=== Begin Enclosure ===
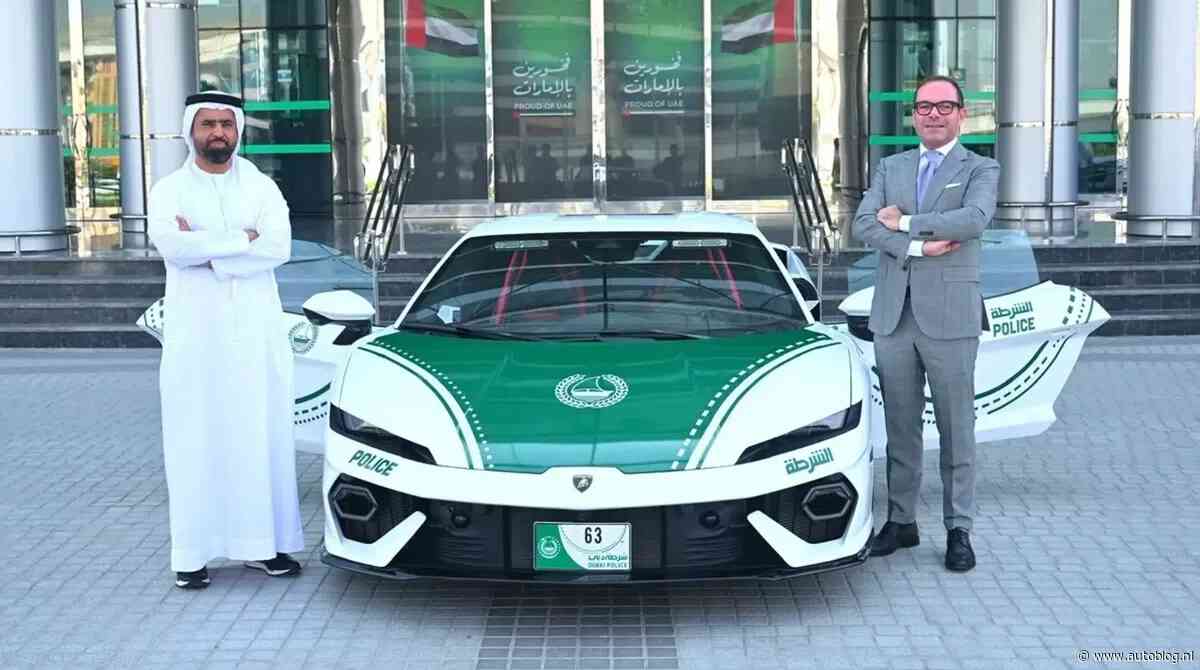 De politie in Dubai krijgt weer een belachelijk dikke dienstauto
=== End Enclosure ===
=== Begin Enclosure ===
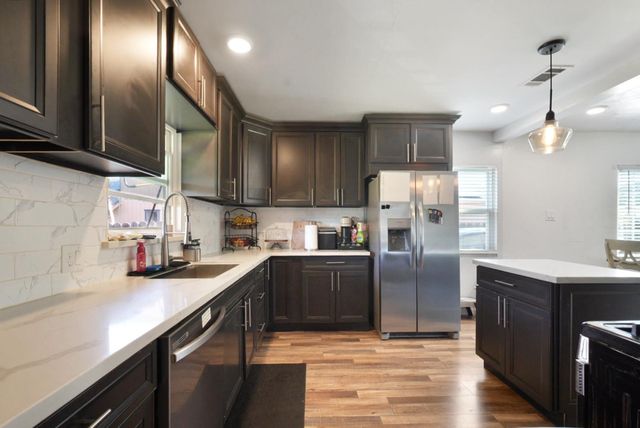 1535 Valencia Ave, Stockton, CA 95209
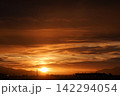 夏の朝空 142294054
=== End Enclosure ===
WHAT TO WORK ON -
Pictures excluded, give again exactly and only the lines of the material above from the line with "1535 Valencia Ave, Stockton, CA 95209" through the line with "夏の朝空 142294054".

FINISHED EXERCISE -
 1535 Valencia Ave, Stockton, CA 95209
 夏の朝空 142294054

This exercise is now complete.